# almak olduğu gibi



## James Bates

How exactly is one supposed to translate "almak olduğu gibi" in the following sentence?

İşleriniz arasında sefarette çalışan memurların maaşlarını vermek, sefaret için kömür, odun, ve kırtasiye *almak olduğu gibi* müstahdem bulmak da vardı.

I'm guessing it would go, "Amongst your tasks was giving the officials working at the embassy their salaries and finding an employee *who would do such things as buy* coal, firewood, and stationery."

Could a native help me out? Thanks!


----------



## Guner

Here you go:
"Your tasks (job description/responsibilities) included giving the salaries of the officials working at the embassy, purchasing coal, firewood, and stationery as well as, hiring (employing) employees (staff) for the embassy." 

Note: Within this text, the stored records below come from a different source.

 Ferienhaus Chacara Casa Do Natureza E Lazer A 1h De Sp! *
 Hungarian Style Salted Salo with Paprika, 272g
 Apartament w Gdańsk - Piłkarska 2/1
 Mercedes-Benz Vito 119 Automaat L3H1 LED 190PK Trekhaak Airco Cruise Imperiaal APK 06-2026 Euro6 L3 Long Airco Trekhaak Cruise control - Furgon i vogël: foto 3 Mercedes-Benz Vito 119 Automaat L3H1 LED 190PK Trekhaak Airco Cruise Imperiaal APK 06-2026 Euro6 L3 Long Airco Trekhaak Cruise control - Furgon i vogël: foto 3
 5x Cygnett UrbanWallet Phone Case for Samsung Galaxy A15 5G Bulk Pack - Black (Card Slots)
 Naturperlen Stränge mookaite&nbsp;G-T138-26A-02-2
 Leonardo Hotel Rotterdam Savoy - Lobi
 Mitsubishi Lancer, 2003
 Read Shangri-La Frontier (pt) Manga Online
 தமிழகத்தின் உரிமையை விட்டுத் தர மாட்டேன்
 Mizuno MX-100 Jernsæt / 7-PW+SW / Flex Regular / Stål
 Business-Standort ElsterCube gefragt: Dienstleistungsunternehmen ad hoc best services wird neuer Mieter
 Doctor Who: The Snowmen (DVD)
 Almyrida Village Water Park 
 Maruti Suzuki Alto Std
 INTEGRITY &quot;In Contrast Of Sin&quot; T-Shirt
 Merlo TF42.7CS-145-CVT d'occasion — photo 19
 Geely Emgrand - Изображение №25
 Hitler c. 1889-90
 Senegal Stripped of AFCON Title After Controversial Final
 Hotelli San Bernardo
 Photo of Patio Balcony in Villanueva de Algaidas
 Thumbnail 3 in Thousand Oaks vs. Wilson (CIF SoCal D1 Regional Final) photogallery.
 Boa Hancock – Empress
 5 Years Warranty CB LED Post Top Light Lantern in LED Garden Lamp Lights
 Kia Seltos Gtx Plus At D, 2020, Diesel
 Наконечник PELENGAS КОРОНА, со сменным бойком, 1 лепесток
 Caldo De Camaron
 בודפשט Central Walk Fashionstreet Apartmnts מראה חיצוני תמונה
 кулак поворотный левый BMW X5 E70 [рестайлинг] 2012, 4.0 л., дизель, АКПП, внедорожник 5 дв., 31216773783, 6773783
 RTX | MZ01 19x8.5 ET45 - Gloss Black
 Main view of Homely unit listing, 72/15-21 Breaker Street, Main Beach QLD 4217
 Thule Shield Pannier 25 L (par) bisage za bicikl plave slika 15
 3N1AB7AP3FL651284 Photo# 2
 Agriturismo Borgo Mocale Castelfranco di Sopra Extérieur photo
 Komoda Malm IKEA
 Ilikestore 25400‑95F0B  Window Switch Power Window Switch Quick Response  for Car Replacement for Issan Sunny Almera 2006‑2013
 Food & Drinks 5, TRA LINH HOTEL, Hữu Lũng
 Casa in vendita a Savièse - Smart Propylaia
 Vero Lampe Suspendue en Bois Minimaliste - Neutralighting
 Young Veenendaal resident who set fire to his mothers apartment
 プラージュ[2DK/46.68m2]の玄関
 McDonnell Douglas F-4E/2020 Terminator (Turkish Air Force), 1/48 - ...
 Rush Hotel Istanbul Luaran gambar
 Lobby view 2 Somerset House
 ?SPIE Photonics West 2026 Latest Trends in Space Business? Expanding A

So hiring employees is mentioned as one of the responsibilities of the third person and not as one of the responsibilities of the staff he hires.

Hope this helps,
Baris


----------



## James Bates

So "olduğu gibi" means "as well as". Thanks!


----------



## Rallino

No, just "-diği gibi" means _as well as_. And then you attach the appropriate verb. In the sentence you gave it's 'olmak'; therefore _*olduğu gibi.*_ There can be other verbs as well.


----------



## James Bates

I see! Could you give me some examples of other verbs using -diği gibi?


----------



## Rallino

Tatilde her zaman temiz otellerde kaldığımız gibi, temiz restoranlarda yemeye de* dikkat ediyorduk.

(On holiady, we would always stay at clean hotels, as well as eating at clean restaurants)


*Notice that in this construction, we almost always use the conjunction -de in the second part of the sentence. It's there in your sentence as well.


----------



## James Bates

Thank you once again!


----------